Roundtable

Curry, Favored

What counts as “authentic” food?

By Noga Arikha

Thursday, September 01, 2011

Curry in a spice-bazaar, Istanbul, Turkey, 2005. Photograph by Thomas Steiner.

A curry soup was sometimes served in an old friend’s manor in Northamptonshire, England. It was the cook’s special. I loved it. A thick, aromatic combination of chicken broth and confectioned curry powder, with small onions, some raisins I think, possibly some brown sugar, and other ingredients I no longer recall. Very simple, assured the cook, an elderly lady who had worked for my even older friend and lived with her in that house for decades.

But I never understood how this peculiar soup was created, nor did I ever find out where the recipe came from. And I still wonder why I loved it so—it might strike a culinary purist as objectively distasteful. One could perhaps categorize it amongst those hybrid dishes born out of the meeting of Britain and India and adapted to the British palate, like kedgeree, or mullagatawny, or chicken tikka masala, but this was no restaurant dish; it belonged only to that house, to those dinners in the large dining room overlooking the gardens and the deer park beyond.

I have actually forgotten the taste of that soup. Too many years have passed, and this was no madeleine. (My friend, an eminent scientist, happened to maintain that the madeleine triggered memories in Proust because of the vanilla in it, which apparently contains an alkaloid compound she researched called pyrazine that plays an important role in memory.) Nor do I wish to try reproducing it—no point in doing that outside the manor, whose wondrously crumbling interiors did not survive my friend’s death some years ago.

Even though I did once invent an Indian risotto, when I cook Indian food I prefer authenticity (and freshly ground spices), just as when I cook Italian food. I would not use prepared pasta sauces. And I never buy “curry powder,” which seems to stand in direct contradiction with all that is great about Indian cooking, that is, the elaborate use of dozens of types of spices in an infinity of possible combinations and proportions, dependent on the dish, the region, the houshehold, the time of year and time of day. A “curry” is a vegetable or meat or fish cooked in a sauce whose flavors are in large part determined by the spices used, by their proportions and cooking times. Curry powder is to Indian cooking what industrial pasta sauces are to Italian cooking.

And yet what is “authentic” food?

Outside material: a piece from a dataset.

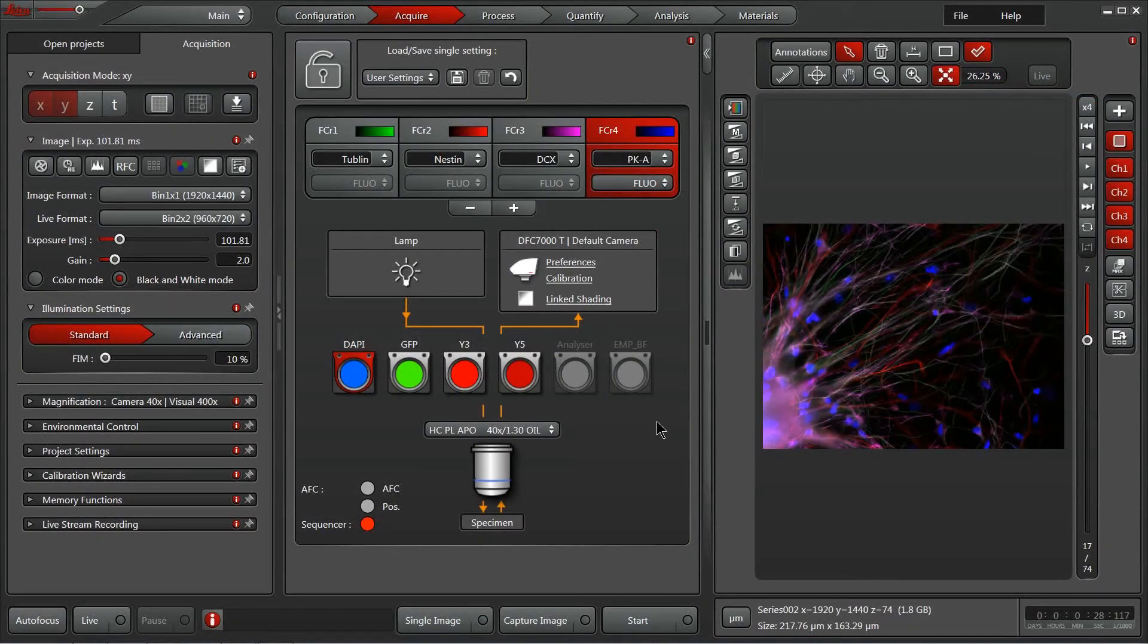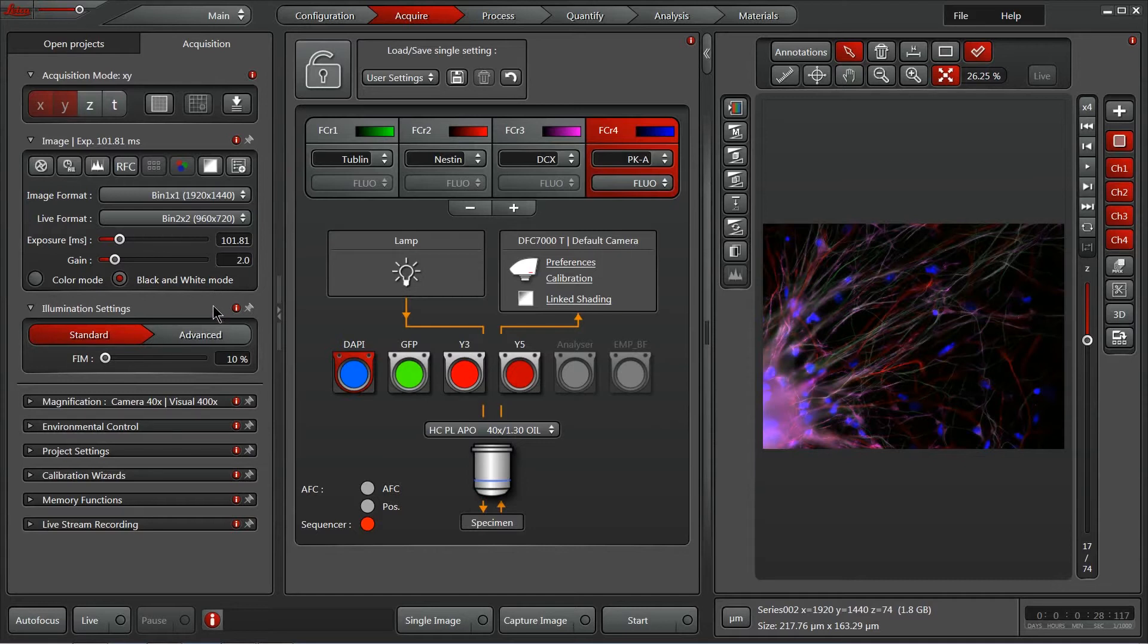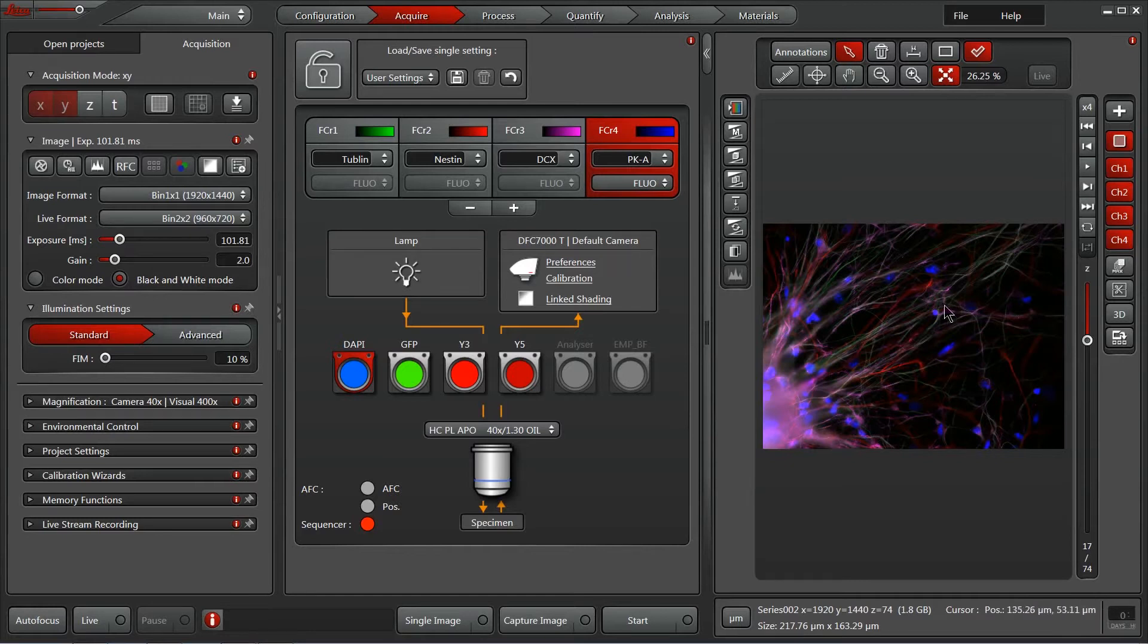Now let's take a deeper look at the Acquire tab here within the LASX software. Notice that it's broken into three distinct panels: the far left panel, the center panel, and this right image display panel.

Surely that curry soup was authentic to its place, a product of a particular, local history. Cuisine is a local affair, mostly. And it evolves within places. It isn’t about origins. Chili peppers may have originated in south America, but that does not mean that their use in Asian cuisines, or indeed in southern Italy, is inauthentic. Cook a dish in the same way for a few generations, and it will become “authentic.”

Italian cooking is a case in point. Most of what we know today as “Italian” is peasant cooking, specific to region, town, parish. Italians tend to be cooks rather than chefs—they repeat household recipes rather than invent new ones. But there was a time, before the late nineteenth century, when upper-class Italian cooking depended on French traditions, on elaborate condiments and the extensive use of spices. Italians have forgotten about spices now. But they cling on to what they believe to be their traditions, however recent these traditions may happen to be. And it is fair to say that experiments and combinations are not the forte of countries whose culinary traditions are rich, the beneficiaries of a long social and agricultural history. (This history is multiple, however. As with language, national cuisines are replete with borrowings from invaders.)

The variety of produce in Italy explains to some extent the regionalism of its cuisine: authenticity there means truth to regional tradition. The Bolognese do not make their tortellini in the same way as the Ferrarese. And the differences are reinforced insofar as Italians are adamant about rules, rigid about what is “not done” for no reason external to the rule. Some rules apply everywhere: throughout the peninsula you will be reprimanded for eating pasta after soup, for instance, since pasta is traditionally a minestra, a sort of soup really. This is because, once upon a time, pasta was eaten scotta, over-cooked and soupy, in a way that would seem shocking and “not done” today.

So what looks absolutely authentic is in fact a mirage of stability. It is at once the node of what seems eternally unchanging, and the locus of change. With food, history always proves the authenticity buff wrong in myriad ways, and shows up the inflexible cook as an impoverished one. One should never forget that dishes are the outcome of historical accretion and accident, that they constantly evolve.

Authenticity itself has a way of changing its colors. I have thought a lot about this because I grew up in France, but ate a hybrid sort of cuisine then, since my mother was born into middle-eastern foods but grew up in New York. I had no idea which national tradition to start with. I was no steak frites girl, but nor could I only live on labneh and za’atar, or tomato, olive oil and oregano on bread.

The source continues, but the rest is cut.